Anche le relazioni con le istituzioni civili delle diverse podesterie diocesane furono a volte incrinate dalle rivendicazioni delle istituzioni laiche sulle contese competenze giurisdizionali.
Dopo le lacerazioni inferte al corpo sociale dalla pestilenza del 1348, sul territorio diocesano si abbatté la quarta guerra veneto-genovese, che nel periodo 1379-1380 trovò il suo epicentro proprio in Chioggia.
Gli scontri provocarono la totale distruzione delle località di Malamocco, Poveglia, Pellestrina, Chioggia Minore nonché dei conventi periferici di San Giorgio di Fossone, Santa Caterina del Deserto e Oltre Canale, San Biagio, San Francesco fuori Mura, Santissima Trinità e San Michele di Brondolo.
Quest’ultimo, originariamente benedettino e dal 1229 cisterciense, era stato beneficiato con elargizioni di beni immobili da parte di alcune famiglie estranee alla società clodiense, che si mostrò invece più incline agli ordini mendicanti, ubicati alle estremità dell’abitato.

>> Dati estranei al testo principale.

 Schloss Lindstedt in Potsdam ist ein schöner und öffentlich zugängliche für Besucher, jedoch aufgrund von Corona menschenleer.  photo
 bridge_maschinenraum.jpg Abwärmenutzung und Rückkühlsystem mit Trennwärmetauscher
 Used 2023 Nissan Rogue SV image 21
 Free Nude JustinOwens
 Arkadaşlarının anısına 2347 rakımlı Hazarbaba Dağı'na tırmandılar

Il lento recupero postbellico fu ostacolato sia dalla crisi di mercato che afflisse gli impianti saliniferi fino all’estinzione consumatasi agli albori del Cinquecento sia dalle frequenti epidemie.

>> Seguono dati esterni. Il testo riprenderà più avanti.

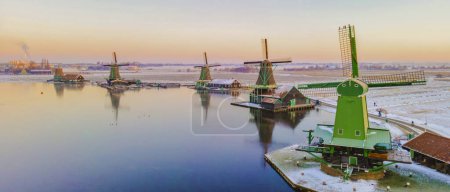 Téléchargez les photos : Zaanse Schans Pays-Bas village de moulins à vent néerlandais au lever du soleil en hiver avec un paysage enneigé, neige d'hiver au village historique de moulins à vent près d'Amsterdam - en image libre de droit
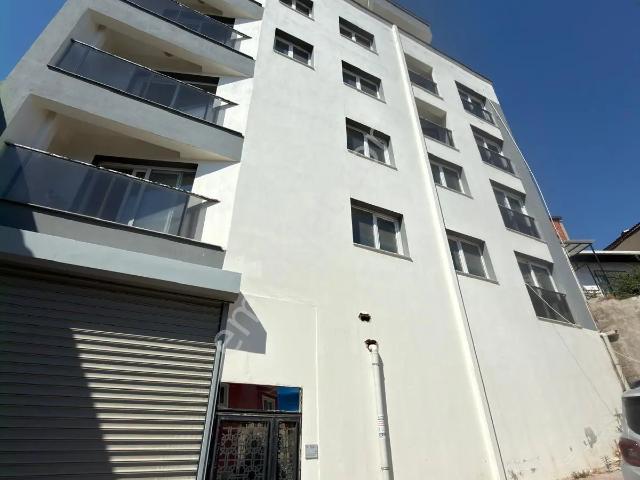 Bayrakli, İzmir içerisinde satılık mülk
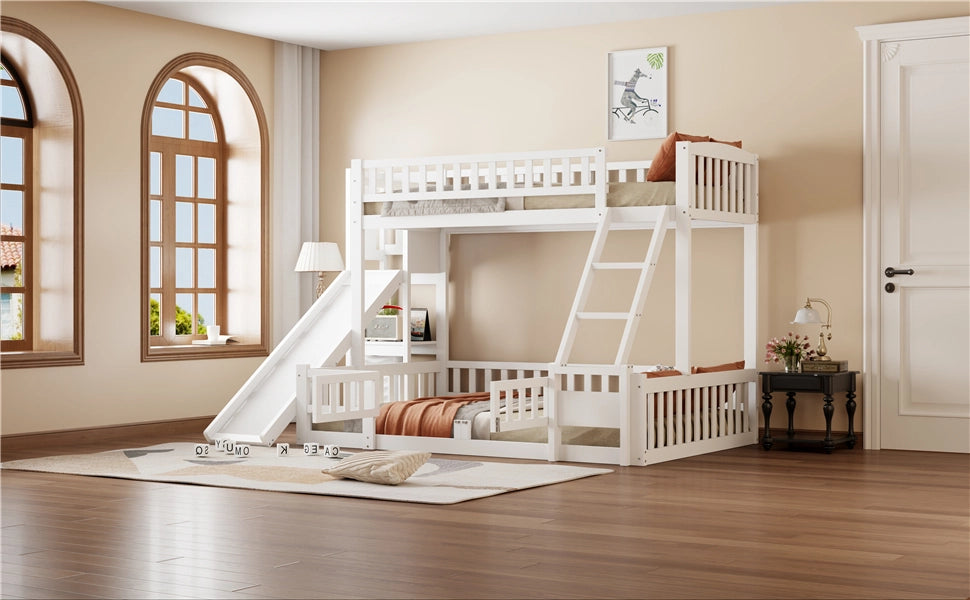 DESMIU Letto a castello per bambino 140 × 200 cm con scivolo, scala, ripiani, senza materasso, bianco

Il clero regolare scomparve dal distretto (annessione della superstite comunità di Brondolo alla congregazione veneziana del Santo Spirito, trasformazione dell’abbazia di San Giorgio di Fossone in rettoria), mentre in ambito urbano, oltre a una più razionale distribuzione della cura d’anime, furono erette due piccole chiese, una intitolata dai profughi della distrutta Chioggia Minore ai santi Martino, Matteo e Antonio, l’altra ai santi Pietro e Paolo.
L’apparizione miracolosa della Madonna nel 1508 sul lido clugiense segnò in profondità la vita della Chiesa diocesana, che però dopo qualche anno fu investita dall’interdetto fulminato alla città da papa Leone X come misura di ritorsione per l’indebita sottrazione del carico di un naviglio pontificio perpetrata da alcuni marinai chioggiotti; fino alla revoca del provvedimento decretata nel 1517 non si spense il fervore religioso, sostenuto anche dall’unanime cooperazione del clero.
Nel solco della temperie riformista s’inserì il rinnovamento del panorama confraternale e monastico: benedettine in Santa Croce, cisterciensi in San Francesco Vecchio, agostiniane di Santa Maria dell’Orazione in Malamocco, celestini in Santa Maria del Pilastro, tre confraternite in città.
L’età del riformismo tridentino fu inaugurata dal vescovo Iacopo Nacchianti, il quale, proteso alla restaurazione dei costumi del clero, si prodigò per la decantazione della pietà popolare, per taluni aspetti deviata da pratiche magico-liturgiche di ascendenza pagana.
A siffatto orientamento pastorale aderirono anche i successori, tra i quali si pose in luce Lorenzo Prezzato, autentico campione della temperie controriformista, ma sensibile alle precarie condizioni cui era costretta la maggioranza dei fedeli.
Dopo il coinvolgimento nella grave crisi giurisdizionale che contrappose la Repubblica veneta alla Santa Sede nel 1606, due tragici eventi funestarono la vita diocesana: l’incendio dell’antica cattedrale nel 1623 e la pestilenza del 1630-1631, che falcidiò un terzo della popolazione chioggiotta, senza risparmiare le comunità periferiche.
I decenni successivi, dominati da tre presuli appartenenti alla famiglia Grassi, furono quindi dedicati alla ricostruzione del tessuto sociale nonché della nuova cattedrale ideata dal genio di Baldassarre Longhena.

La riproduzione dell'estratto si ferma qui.